**What the exercise asks**
Write the records out again, unchanged.

**Supplied entries**
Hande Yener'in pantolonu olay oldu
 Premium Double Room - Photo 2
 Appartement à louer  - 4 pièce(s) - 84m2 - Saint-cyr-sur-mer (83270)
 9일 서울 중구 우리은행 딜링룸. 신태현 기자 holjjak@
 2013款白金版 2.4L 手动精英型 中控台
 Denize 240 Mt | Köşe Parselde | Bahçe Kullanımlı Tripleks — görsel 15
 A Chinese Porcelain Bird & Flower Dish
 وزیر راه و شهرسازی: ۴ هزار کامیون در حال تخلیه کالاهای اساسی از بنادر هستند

**Answer**
Hande Yener'in pantolonu olay oldu
 Premium Double Room - Photo 2
 Appartement à louer  - 4 pièce(s) - 84m2 - Saint-cyr-sur-mer (83270)
 9일 서울 중구 우리은행 딜링룸. 신태현 기자 holjjak@
 2013款白金版 2.4L 手动精英型 中控台
 Denize 240 Mt | Köşe Parselde | Bahçe Kullanımlı Tripleks — görsel 15
 A Chinese Porcelain Bird & Flower Dish
 وزیر راه و شهرسازی: ۴ هزار کامیون در حال تخلیه کالاهای اساسی از بنادر هستند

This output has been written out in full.